Descriptive statistics (dependent variables and covariates) used in the mixed-effects multilevel regression, England and Wales, 2011.
Table 1 also demonstrates the variation and extent of residential age segregation in terms of the unevenness of where younger and older people live within localities (MSOAs) in England and Wales. This corroborates recent studies (Sabater et al., 2017) in highlighting that older and younger groups are increasingly less likely to share a residential area.
Since housing and population characteristics locally are likely to affect the relationship between residential age segregation and housing affordability, in this part of the paper we examine this relationship using a multivariate multilevel approach that takes into consideration key correlates: housing tenure, the characteristics of the housing stock (accommodation types), population density levels and ethnic diversity at the small area (MSOA) level. However, before focussing on our main covariates of interest, we examined as a starting point what portion of the variance in the outcome variable (dissimilarity) is due to cross-region (GORs) and cross-district (LADs) differences compared to MSOA differences. Our results for the first age pair-wise combination (20–24 versus 60–54) indicate that 1.3% of the variance is due to differences across GORs, whereas 11.7% of the variance for both are due to differences across LADs within GORs, with the remaining 87% of the variance attributable to differences across MSOAs. Similar results are found for the rest of the age pair-wise combinations.
Table 2 displays the change in residential age segregation associated with housing unaffordability (for sales and rentals) with all model covariates for a selected group (20–24 versus 60–64) in England and Wales. The results exhibit a strong relationship between residential age segregation and housing unaffordability for sales and rentals with significant and sizeable effects: a one-unit increase in the unaffordability ratio for sales is associated with an increase in dissimilarity of the selected group by around 15%, whereas a one-unit increase in the unaffordability ratio for rentals is expected to increase dissimilarity of the same group by 10%. The results also show that local housing and population characteristics are important. For instance, in the model for sales various predictors decrease age segregation (percent of owner-occupied and percent of terraced housing) whereas others increase it (percent of privately rented, percent of detached housing, percent of flats and ethnic diversity). In the model for rentals, there is a similar pattern with some predictors associated with a decrease (percent of owner-occupied, percent of socially rented from Local Authorities, percent of terraced housing and population density) and increase (percent of privately rented, percent of detached housing, percent of flats and ethnic diversity) in unevenness or segregation between younger and older groups. It is also clear from the results that only two predictor variables (percent of owner-occupied and percent of privately rented) have an effect on dissimilarity that goes above and beyond the contributed effect of housing unaffordability for sales and rentals. The coefficients for models predicting residential segregation between other age groups show the same substantive conclusions in terms of the association of the co-variates.

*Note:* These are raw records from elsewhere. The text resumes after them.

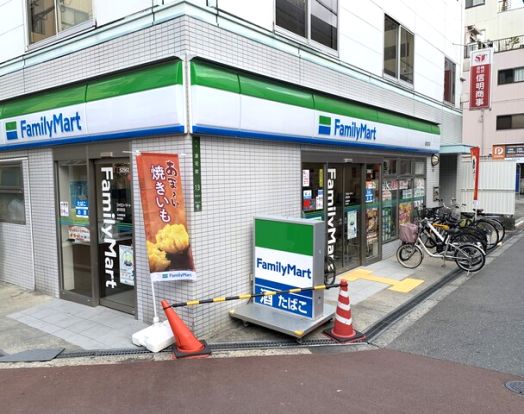 ファミリーマート 浪花町店の画像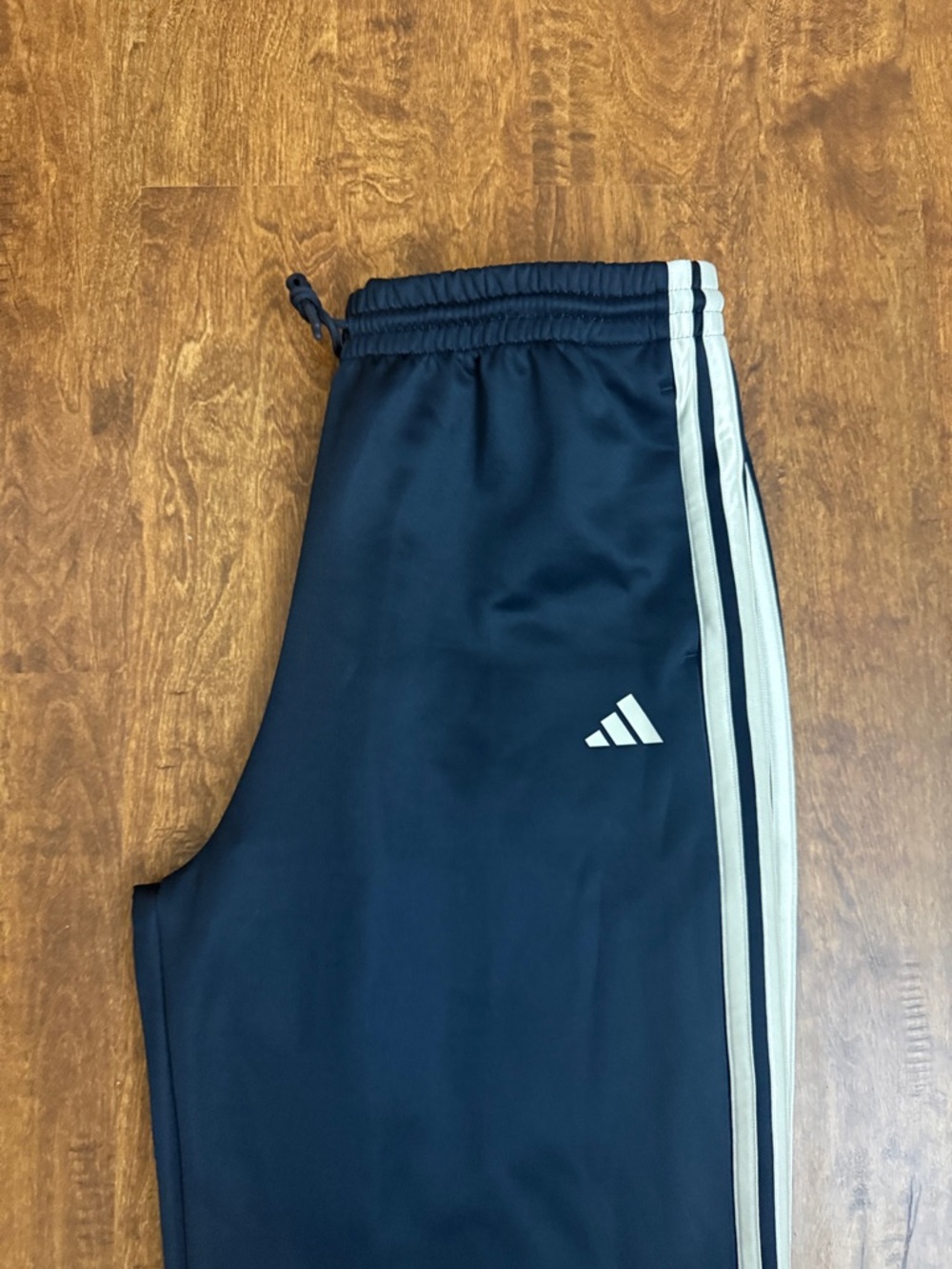 adidas Women’s Navy Joggers with White Side Stripes Size XL - Picture 3 of 16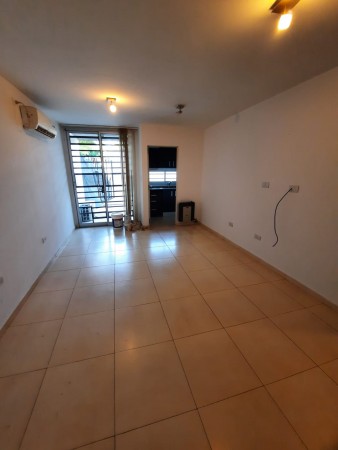 Vendo Dto 1 dormitorio con cochera y patio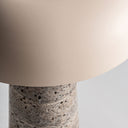 Lámpara de mesa de mármol y hierro en tonos neutros 30 x 41 cm – detalle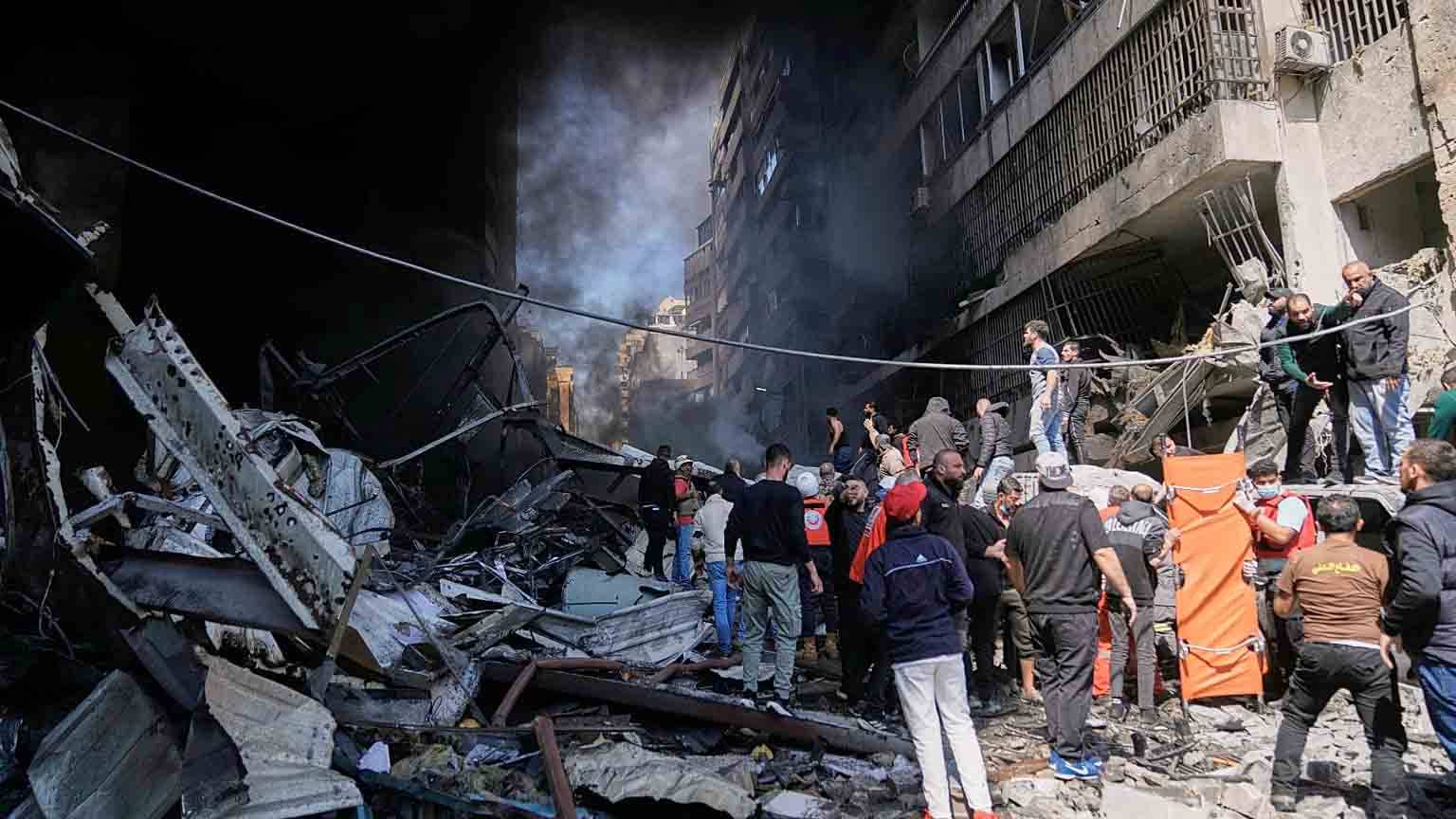 إتصال ديبلوماسي عربي بحزب الله… يكشف ما وراء رواية "الإنقلاب"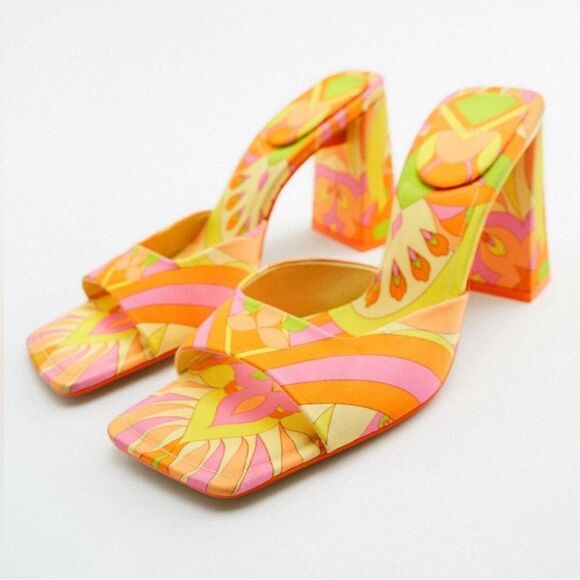 Zara Printed Heel Sandals - Picture 1 of 10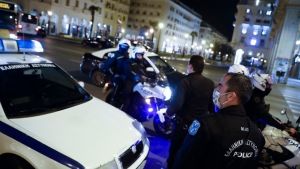 Έλεγχοι στη Νέα Παραλία από ΕΛ.ΑΣ και Δημοτική Αστυνομία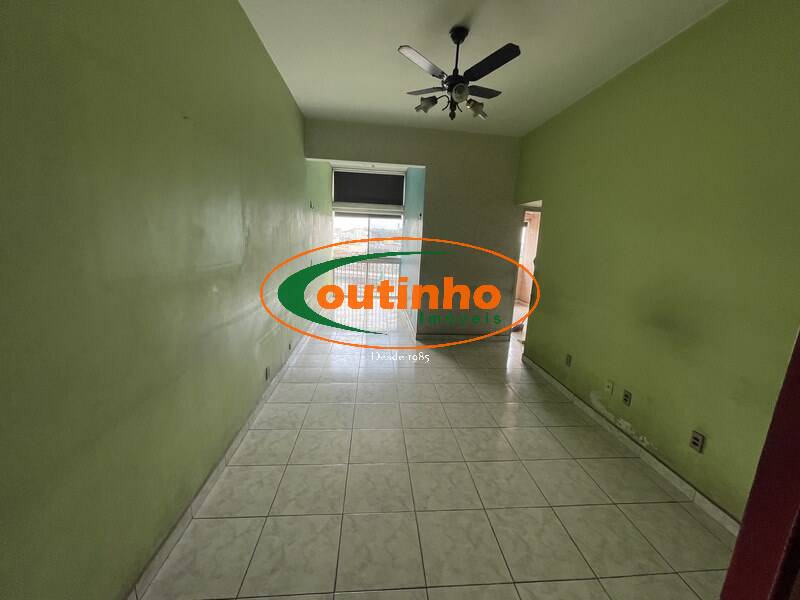 Apartamento à venda com 2 quartos, 62m² - Foto 3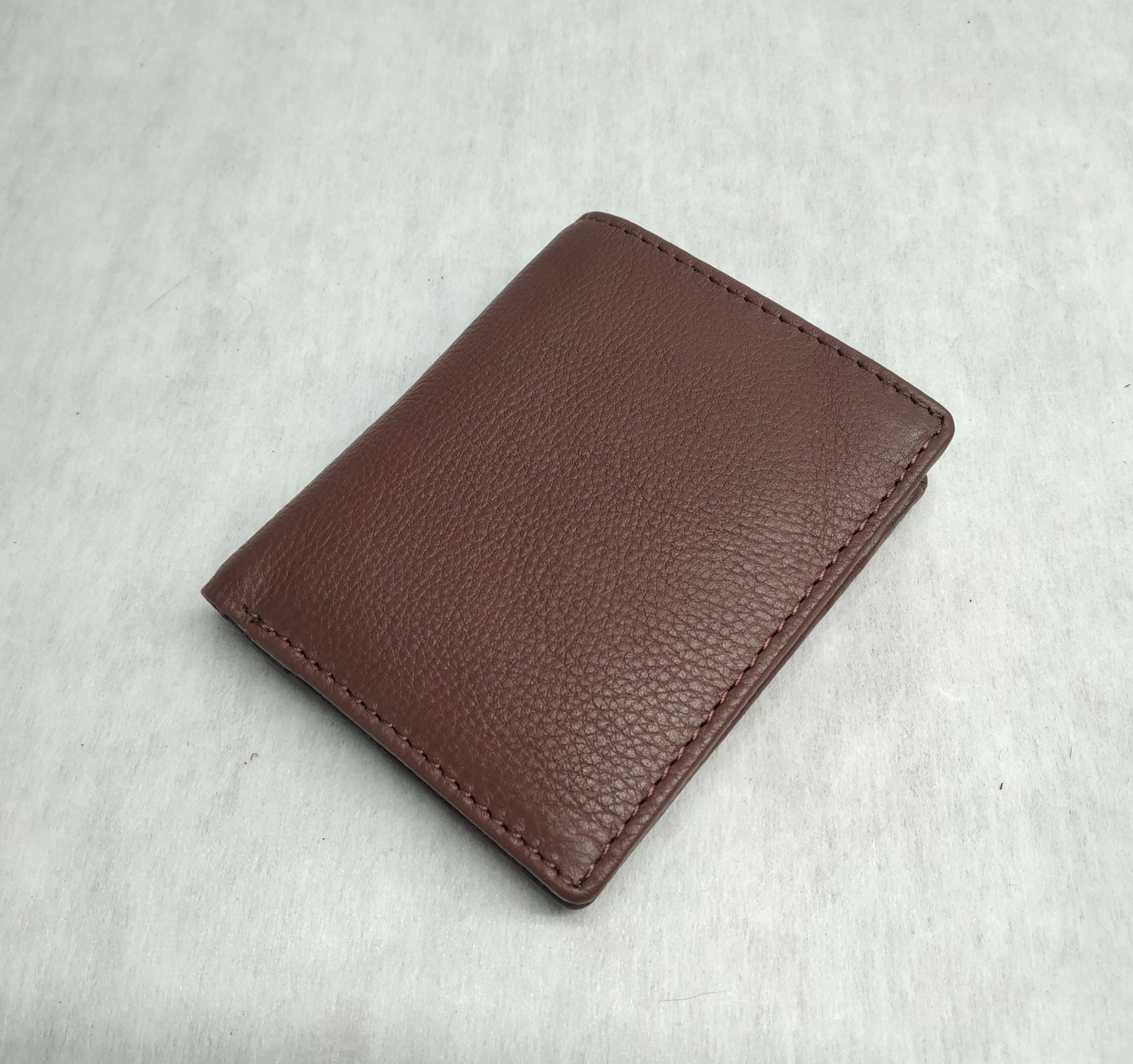 สีน้ำตาล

Parameter estimates for models of residential age segregation: associated with housing unaffordability (for sales and rentals) and all model covariates, selected group (20–24 versus 60–64), England and Wales, 2011.
p < 0.01.
p < 0.01. **p < 0.05.
Note: Mixed-effects multilevel regression coefficients using 2011 Census data for England and Wales, income and house sale transaction data produced by the Office for National Statistics. Residential Age Segregation (dependent variable) is measured via the Disimilarity Index for Outputs Areas across MSOAs. Model covariates are MSOA-level tenure, household type, population density and ethnic diversity.
Coef, coefficient; _cons, constant; GOR, Government Office Region; LADs, Local Authority Districts; obs, observations; Sig, significance; St. Err., standard error; -var, variance.
In order to interrogate whether the observed effects vary across ages and places, Figure 1 summarises the results of the models by showing the relationship between housing unaffordability for buying a property and residential age segregation for areas categorised according to the ONS Rural Urban classification. This is presented for selected age-group comparisons: the youngest young-adult group (20–24) compared with older adult groups, and the oldest young-adult group (35–39) compared with older adult groups. These age groups represent different stages of housing career with, in general, the youngest-young group having less economic resources and more housing precarity (in terms of higher rates of residential mobility and of private renting; Coulter et al., 2020). On average we would expect the older young-adults (35–39) to have more similar housing opportunities and demands to older adult groups, compared with the youngest young-adults.

Parameter estimates for residential age segregation in urban and rural areas associated with housing unaffordability (for sales), for pair-wise age comparisons, England and Wales, 2011: (a) 20–24 years olds compared with older age groups and (b) 35–39 year olds compared with older age groups.
The charts plot the change in residential age segregation associated with a one-unit increase in housing unaffordability. Each bar in the charts thus indicates, for the neighbourhoods in the urban–rural category, the impact of the unaffordability of buying a property in that area on its age segregation, taking into account other characteristics of the neighbourhood (and controlling through the modelling strategy for influences at higher level geographies). The results of this analysis reveal that in most urban areas (major conurbations within and outside London, minor conurbations and cities and towns) there is a positive association between unaffordability levels for sales and segregation levels between older and younger groups. For instance, a one-unit increase in housing unaffordability is associated with a 52% increase in unevenness or segregation between the age groups 20–24 and 60–64 in minor conurbations in England and Wales. Although this relationship appears to be less strong outside minor conurbations, the evidence suggests that across urban areas there is a positive link that as unaffordability increases residential segregation between older and younger groups also increases. On the contrary, the relationship between unaffordability for sales and segregation between older and younger groups in rural areas is either non-significant (towns and fringe) or negative (villages) in most cases.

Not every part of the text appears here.